As robotics prices dropped due to competition and demand for food services grew in the United States, Cui envisioned automating a restaurant chain. With cafés’ high labor costs, a robotic coffee-shop made perfect sense, Cui said. It also fulfills his philosophy on the role of humans in the future of business.

“For those routine works, we don’t want the future to be a group of humans just coming to the machine and being fed on the machine, but we want the humans to own the machines and find out ways to make the machines work for them,” Cui said.  

In the short-term, the Yummy Future team is trying to find business partners, hire workers to maintain the station, obtain their patents and maximize revenue, Cui said. According to Yummy Future, the entire product cost around $25,000 to make. At their current sales rate, Cui expects to break even soon.

“Right now, it sells about 100 to 200 cups a day,” Cui said.

The Yummy Future team has technical improvement plans on the horizon. Implementing Amazon Alexa voice assistant technology, which they won through microgrants and a prize from the University’s Technology Entrepreneur Center Cozad competition, is a short-term priority.

Yummy Future left an impression on judges, not only with the project’s “outside of the box” thinking but their entrepreneurial personalities, said Catharine Ingram, TEC coordinator of Student Innovation and Entrepreneurial Programs.
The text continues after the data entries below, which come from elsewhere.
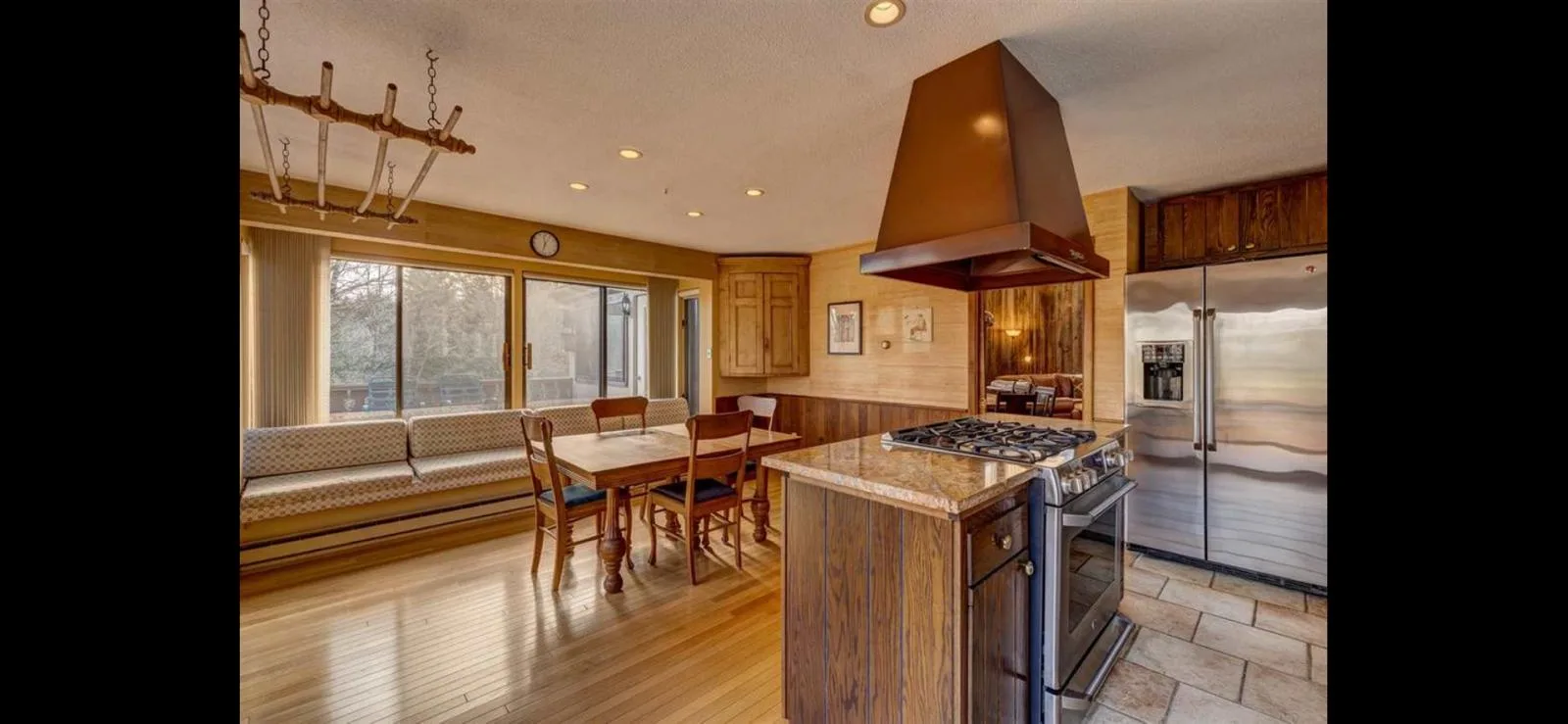 The kitchen with breakfast banquette and stainless appliances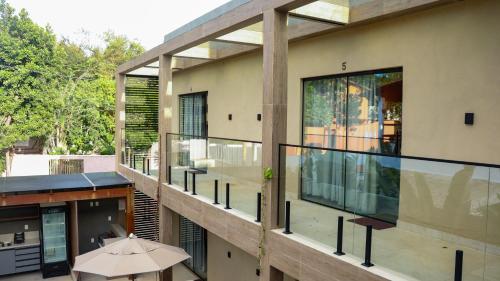a house with an open balcony with an umbrella at Pipa Day Flats in Pipa
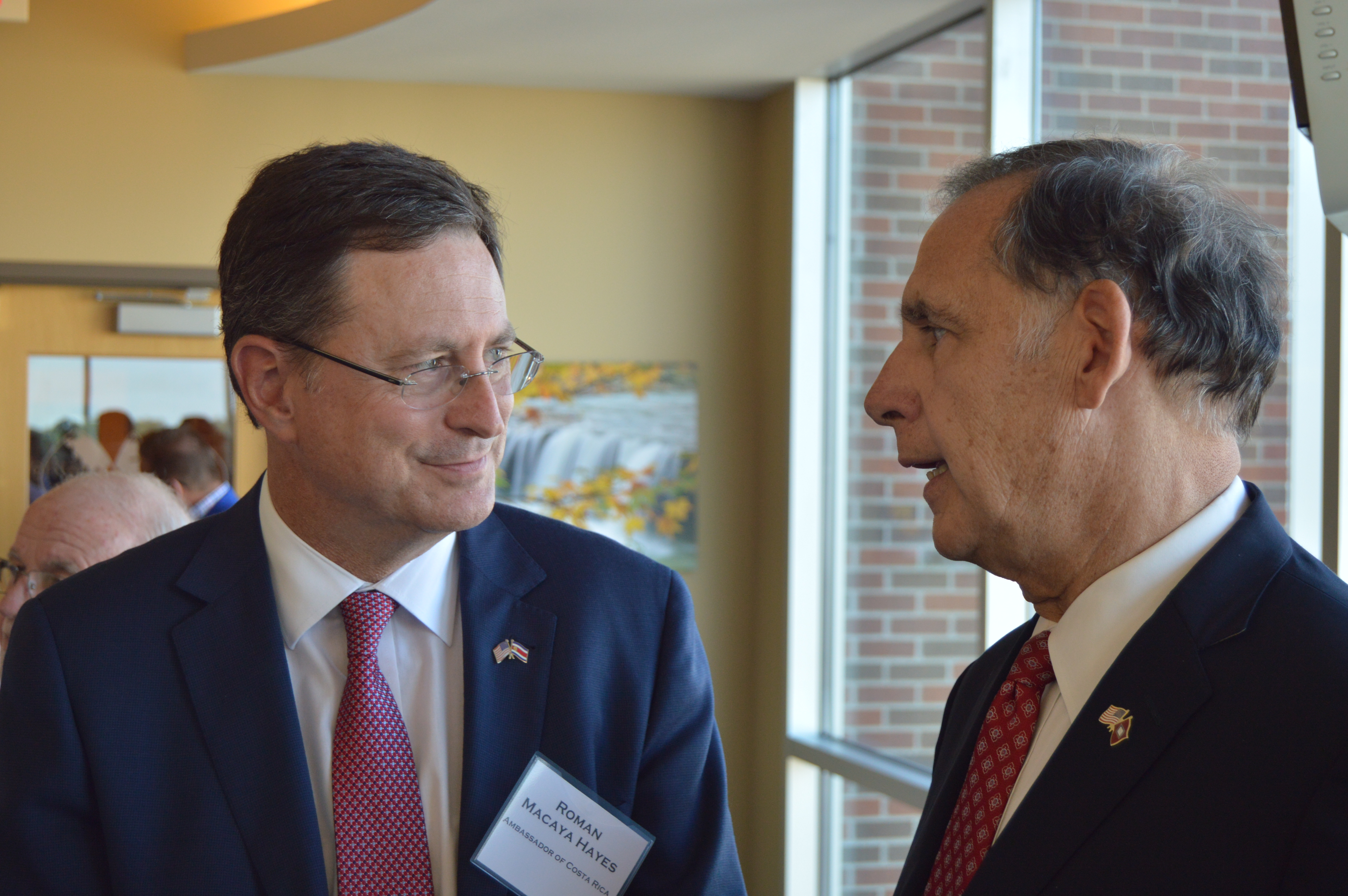 Ambassador Roman Macaya of Costa Rica listens to Senator John Boozman at the World Trade Center Arkansas 10 Year Anniversary Reception.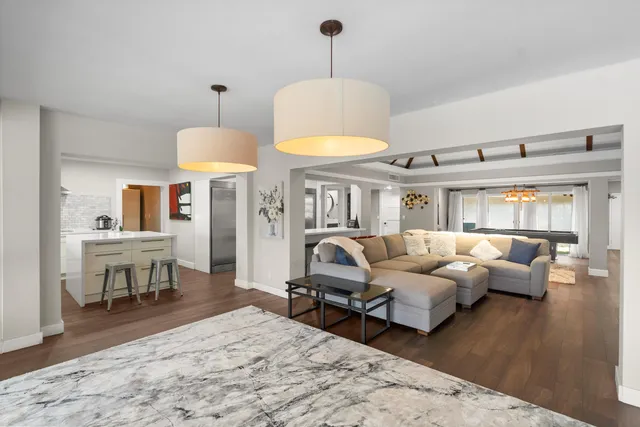 a view of center kitchen island attached withe living room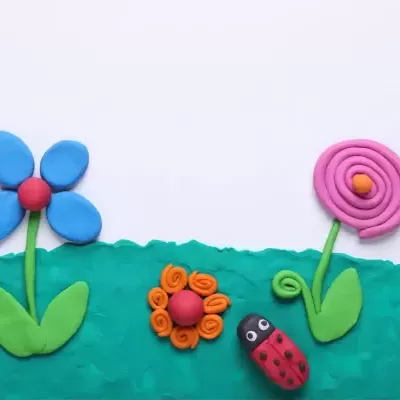 Flores e uma joaninha feitas de plasticina colorida sobre fundo branco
“They have a lot of energy and they’re really engaged. That is really critical,” Ingram said.

Long-term, the team wants to add more capability to the café. Adding mobile pre-orders, a delivery system, dietary adjustments and lifelike customer service are all in the planning stages, Cui said.

“When people are seeing it mix things for them, they feel like they are being served. That feeling is that it’s especially made for them. We want to do those things, we are adding more machine intelligence to tell if customers actually want something sweeter or less sweet,” Cui said. “We want to make it more human.”

Shelby Job, junior in LAS, has been a supervisor at the Illini Union Starbucks for two years. She agrees that giving the machine specialized order capabilities and more customer connections are important concerns.

“If they could give the robot a face, if they actually have a pre-recorded message, maybe that’d resolve that issue,” Job said.  

Most of all, Cui said he wants to thank the University community for all of their support. He is especially grateful that customers share his vision.

“People actually come to the machine and say, ‘Wow! The future is here!’ and they look at our logo, ‘Oh! Yummy Future,’” Cui said.